Leicester expertise supports new £14.5 million community heritage hub

Professor Sarah Scott, pictured here at the Royal opening of The Chester House Estate, serves as partnership lead for the collaborative project.

Leicester researchers and students attended a ceremony to mark the official opening of a nationally-significant heritage site by the Princess Royal, in July.

Princess Anne visited Northamptonshire for the formal opening of the £14.5 million Chester House Estate, home to the county’s new Archaeological Resource Centre (ARC).

Experts from the University of Leicester’s School of Archaeology and Ancient History have collaborated with the Chester House team since 2019 to make local history, archaeology and heritage accessible and engaging, and to maximise community engagement with the unique archaeological opportunities along the Nene Valley.

The Chester House Estate is funded by the National Lottery Heritage Fund and North Northamptonshire Council, and is one of a small number of sites in the UK which can demonstrate over 10,000 years of human activity. Learning programmes, informed by Leicester expertise, are offered to schoolchildren and students from Key Stage 1 through Key Stage 5, in addition to community engagement opportunities focused on local archaeology and heritage.

Sarah Scott is a Professor of Archaeology at the University of Leicester and serves as partnership lead for the collaborative project.

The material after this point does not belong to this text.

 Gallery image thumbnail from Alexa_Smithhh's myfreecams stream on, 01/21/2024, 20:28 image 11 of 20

Speaking at the formal opening, Professor Scott said: “The Chester House Estate offers a nationally significant site and archive within a historically- and archaeologically-rich landscape, together with state-of-the-art learning and community engagement facilities.

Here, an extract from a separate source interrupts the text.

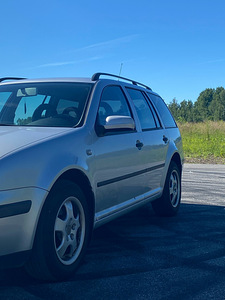 Volkswagen Bora 2.0 85 kW (4 foto / 12)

“Through our partnership, we are developing the Estate as a unique and transformative hub for collaborative research, learning and community engagement.

“It is a real privilege to work with the Chester House team; their dedication, creativity and openness to collaborative ventures has resulted in a wealth of fantastic learning and research opportunities for our students and staff as well as the wider community.”

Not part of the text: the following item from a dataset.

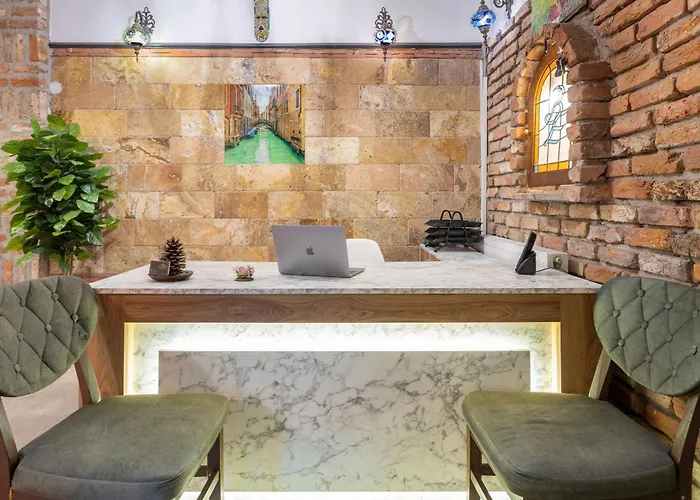 Lumina Boutique Hotel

Over the past 18 months, the partnership has supported:

  • collaboration with students from the 16-25 Creating Tomorrow College, based on site, helping to prepare young adults for independent living and employment opportunities as they transition into adulthood;
  • ongoing research and interpretation of the site’s complex history;
  • school and community engagement activities focused on archaeology and the area’s Roman heritage;
  • a field school, involving more than 130 community volunteers and students excavating the eastern suburbs of the small Roman town which lies within the Estate;
  • developing pioneering archaeology and wellbeing initiatives;
  • and involvement with the month-long Nene Valley Communities Past and Present festival of history, archaeology and heritage in partnership with Stanwick Lakes.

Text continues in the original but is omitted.